AILLA is a digital archive of recordings and texts in and about the indigenous languages of Latin America. Access to archive resources is free of charge. Most of the resources in the AILLA database are available to the public, but some have special access restrictions.
British Library Datasets contains numerous history datasets (i.e., Black History Month, Magna Carta, Women’s rights, etc.), literature datasets (datasets focused on famous authors), music datasets (i.e., History of Music), and other datasets (i.e., National parks, Theology, etc.).
The Early Novels Database (END) project generates high-quality metadata about novels published between 1660 and 1850 in order to make early works of fiction more available to both traditional and computational modes of humanistic study.
OLAC is "an international partnership of institutions and individuals who are creating a worldwide virtual library of language resources by: (i) developing consensus on best current practice for the digital archiving of language resources, and (ii) developing a network of interoperating repositories and services for housing and accessing such resources."
The Rosetta Project is a global collaboration of language specialists and native speakers working to build a publicly accessible digital library of material on the nearly 7,000 known human languages.

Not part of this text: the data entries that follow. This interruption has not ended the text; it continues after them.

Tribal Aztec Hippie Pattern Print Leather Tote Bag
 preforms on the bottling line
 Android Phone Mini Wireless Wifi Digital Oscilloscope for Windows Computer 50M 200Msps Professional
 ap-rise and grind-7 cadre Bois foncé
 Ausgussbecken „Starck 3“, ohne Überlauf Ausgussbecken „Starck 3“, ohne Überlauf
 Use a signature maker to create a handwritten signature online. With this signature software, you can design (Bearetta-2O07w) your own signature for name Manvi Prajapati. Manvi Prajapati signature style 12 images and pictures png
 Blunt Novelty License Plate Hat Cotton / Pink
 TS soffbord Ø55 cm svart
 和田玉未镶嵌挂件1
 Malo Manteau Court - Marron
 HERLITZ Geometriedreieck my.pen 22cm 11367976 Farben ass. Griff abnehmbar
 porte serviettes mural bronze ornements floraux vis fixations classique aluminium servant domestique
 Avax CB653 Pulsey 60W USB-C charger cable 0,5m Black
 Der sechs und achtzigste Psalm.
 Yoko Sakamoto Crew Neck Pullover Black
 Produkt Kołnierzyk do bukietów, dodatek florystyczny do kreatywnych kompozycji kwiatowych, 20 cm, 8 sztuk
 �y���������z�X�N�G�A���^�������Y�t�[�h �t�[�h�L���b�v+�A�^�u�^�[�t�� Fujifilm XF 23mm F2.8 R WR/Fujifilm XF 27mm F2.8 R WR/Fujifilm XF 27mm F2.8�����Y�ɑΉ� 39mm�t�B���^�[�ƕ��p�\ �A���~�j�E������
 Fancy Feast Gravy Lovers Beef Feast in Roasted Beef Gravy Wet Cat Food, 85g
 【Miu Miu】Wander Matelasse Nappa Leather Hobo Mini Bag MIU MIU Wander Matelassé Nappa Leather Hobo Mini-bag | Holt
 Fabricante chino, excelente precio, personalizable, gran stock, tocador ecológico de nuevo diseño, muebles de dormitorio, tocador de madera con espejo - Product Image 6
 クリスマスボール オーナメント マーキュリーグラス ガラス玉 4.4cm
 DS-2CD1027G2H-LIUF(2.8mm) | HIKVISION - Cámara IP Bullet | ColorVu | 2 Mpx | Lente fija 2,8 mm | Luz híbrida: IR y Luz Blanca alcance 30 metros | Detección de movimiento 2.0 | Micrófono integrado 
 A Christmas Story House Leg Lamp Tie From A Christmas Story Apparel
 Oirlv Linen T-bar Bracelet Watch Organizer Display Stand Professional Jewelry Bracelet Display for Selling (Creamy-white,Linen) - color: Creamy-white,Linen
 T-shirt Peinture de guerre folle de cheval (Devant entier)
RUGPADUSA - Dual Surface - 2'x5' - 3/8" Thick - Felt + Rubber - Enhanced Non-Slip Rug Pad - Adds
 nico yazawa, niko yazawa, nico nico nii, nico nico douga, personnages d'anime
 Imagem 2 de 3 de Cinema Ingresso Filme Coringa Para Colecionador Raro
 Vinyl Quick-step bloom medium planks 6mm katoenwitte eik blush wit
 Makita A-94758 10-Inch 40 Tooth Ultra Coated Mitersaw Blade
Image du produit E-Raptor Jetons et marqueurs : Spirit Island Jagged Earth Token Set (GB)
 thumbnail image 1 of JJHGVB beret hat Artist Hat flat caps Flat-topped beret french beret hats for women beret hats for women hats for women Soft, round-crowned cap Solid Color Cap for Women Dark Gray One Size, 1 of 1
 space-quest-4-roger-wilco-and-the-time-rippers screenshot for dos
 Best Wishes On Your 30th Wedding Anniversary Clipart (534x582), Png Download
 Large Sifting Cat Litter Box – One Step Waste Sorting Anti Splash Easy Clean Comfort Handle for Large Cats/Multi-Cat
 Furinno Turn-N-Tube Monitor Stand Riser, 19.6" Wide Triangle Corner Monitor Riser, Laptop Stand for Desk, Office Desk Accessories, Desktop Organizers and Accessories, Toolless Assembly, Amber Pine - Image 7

The collection currently contains nearly 100,000 pages of material documenting over 2,500 languages, as well as a growing multimedia collection of modern and historical language recordings.
TROLLing "is designed as an archive of linguistic data and statistical code. The archive is open access, which means that all information is available to everyone. All postings are accompanied by searchable metadata that identify the researchers, the languages and linguistic phenomena involved, the statistical methods applied, and scholarly publications based on the data (where relevant). Linguists worldwide are invited to post datasets and statistical models used in linguistic research."